In racing, some series rely on purpose-built cars, while others use modified production models that fans can relate to a bit better. That dichotomy is now emerging in the nascent electric-racing sphere.

First came Formula E, which uses its own open-wheel racers, and now we have the Electric GT Championship (also known as the Electric GT World Series). Its organizers plan to use modified Tesla Model S sedans, and the first race-prepped car made its debut Tuesday at an event in Ibiza, Spain.

Announced in March, the Electric GT series will kick off next year. Organizers wanted a race series for electric cars that used actual production models and, as the fastest electric road car around by a significant margin, the Model S was really the only thing that fit the bill.
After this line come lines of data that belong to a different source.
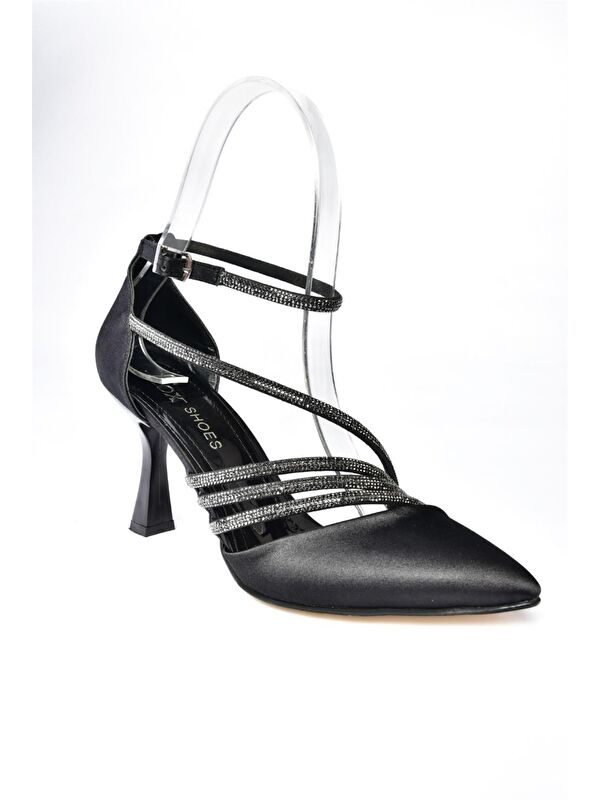 P246065804 Siyah Saten Kumaş İnce Topuklu Kadın Abiye Ayakkabı - Görsel 6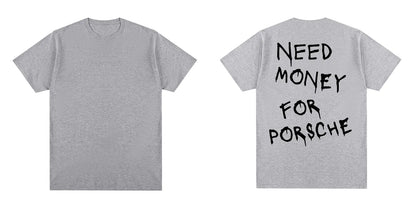 Vintage "Need Money" Funny Anime T-Shirt for Men
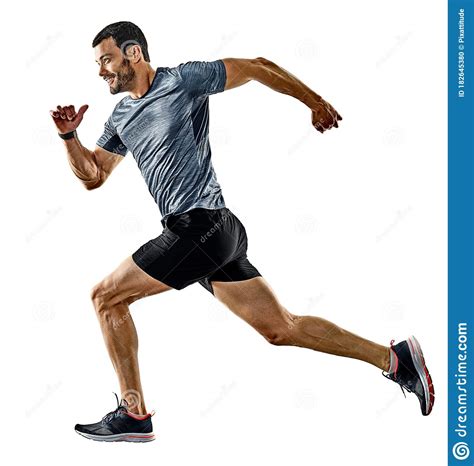 Man Runner Jogger Running Jogging Isolated Shadows Stock Photo Image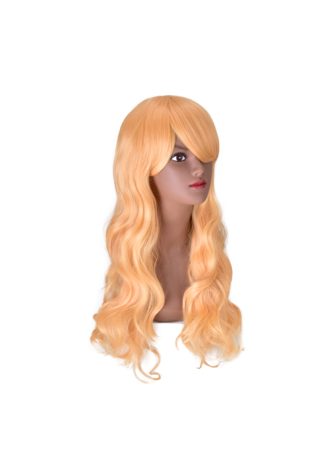 HairYouGo 28nch Halloween Perruque Synthétique Cheveux Longs Ondulés Cosplay Perruques Rose Blonde Femmes Parti Perruque 1021A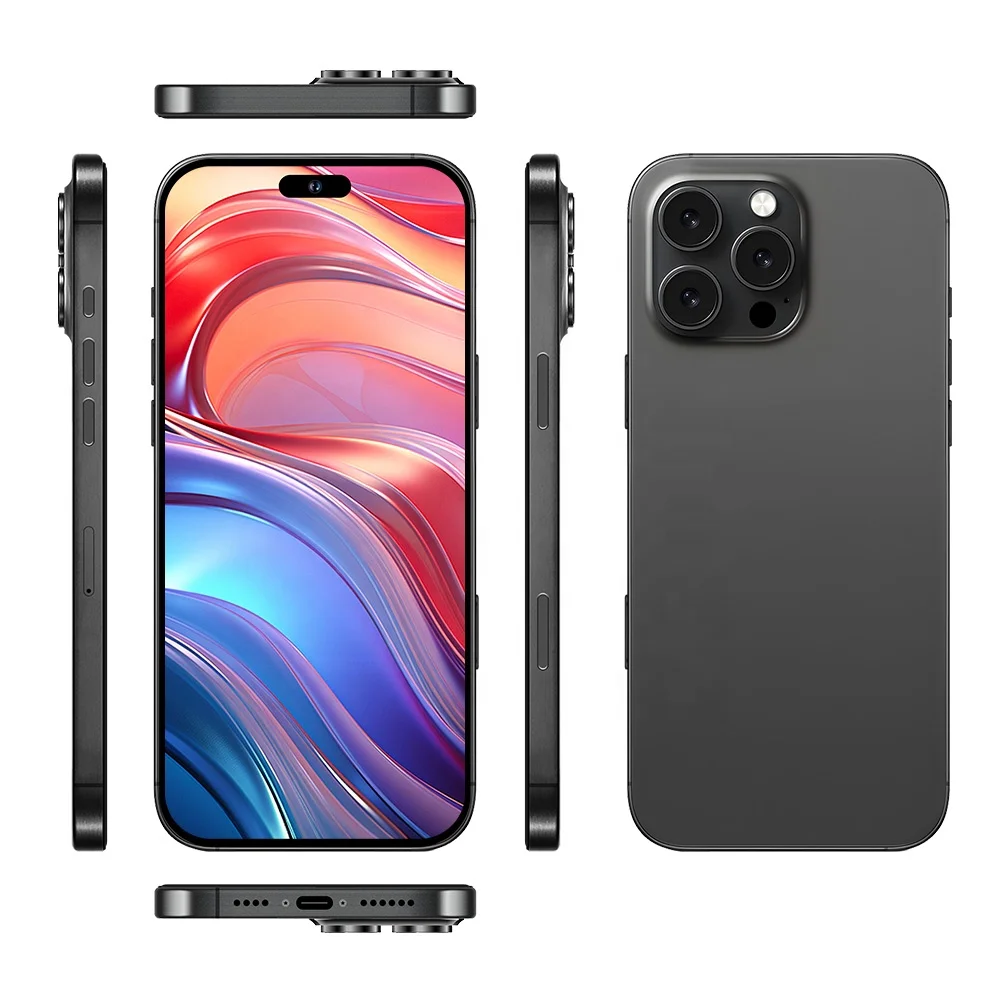 Cheap High quality i 16 Pro Max Smart Cell phone 16GB+1TB type-c AI google store Android Unlocked Dual Sim lte 5G Mobile phone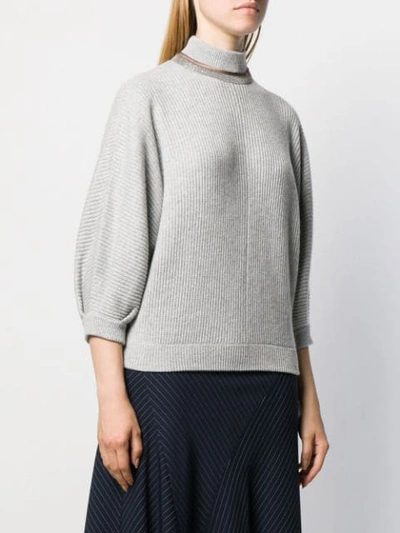 Shop Brunello Cucinelli Ribbed Jumper In C2642 Ciottolo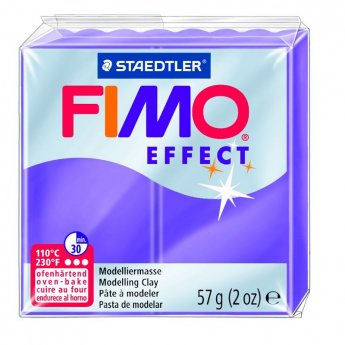 Cietējoša modelēšanas masa FIMO EFFECT, 57 g, caurspīdīgi violetā krāsa (translucen violet)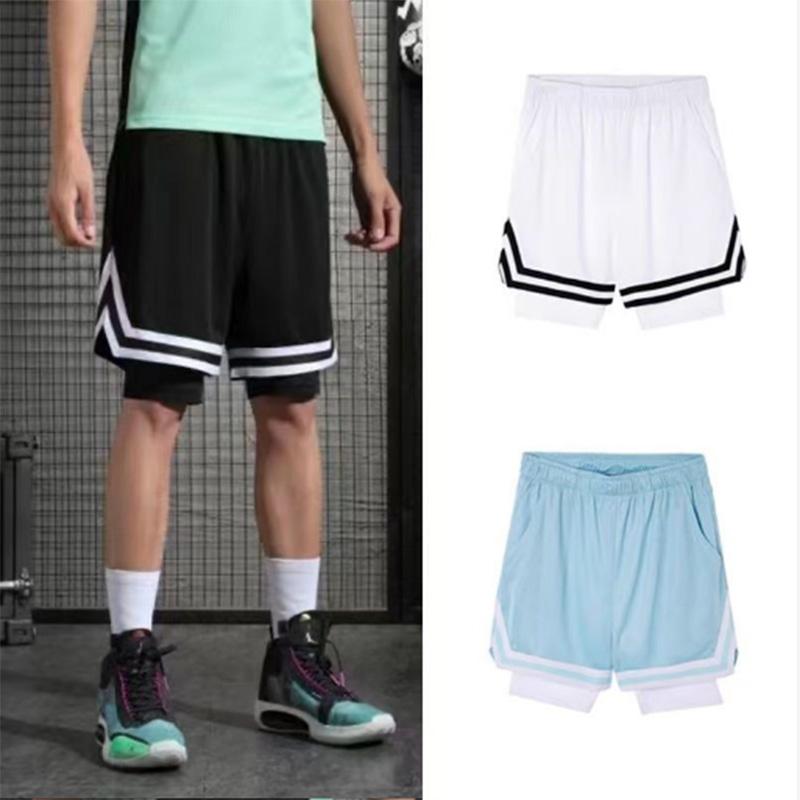 Шорты мужские баскетбольные, искусственные, из двух частей, с тремя точками, до колена, дышащие, быстросохнущие, узкие спортивные брюки, шорты для фитнеса для бега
Other models could be added to the series in the future, but for now,  Electric GT is 100 percent Tesla.

While there are many Model S variants, Electric GT will only use the discontinued P85+ version because it’s the highest-performance rear-wheel drive version. Organizers wanted to stick with rear-wheel drive because it is generally considered to be better-suited to track driving, even though all-wheel-drive versions of the Model S offer better performance. The less-complicated rear-wheel drive setup will also make maintenance and repairs easier, organizers believe.

The powertrain remains stock, but the Model S still got an extensive makeover for racing, including modified suspension and steering. Fender flares and a big rear spoiler headline the exterior changes, while the interior was gutted to save weight. That’s essential, as the stock Model S weighs well over 4,000 pounds, which is pretty heavy for a road car, let alone a race car. The giant 17-inch touchscreen didn’t get thrown out, though.

Electric GT hopes to sign up 10 teams, which will field two drivers each. The inaugural season will consist of seven events, including a 20-minute practice session, 30-minute qualifying session, and two 60-kilometer (37-mile) races. The seven events will all be held in Europe, although Electric GT is also planning North American races that won’t be part of the championship.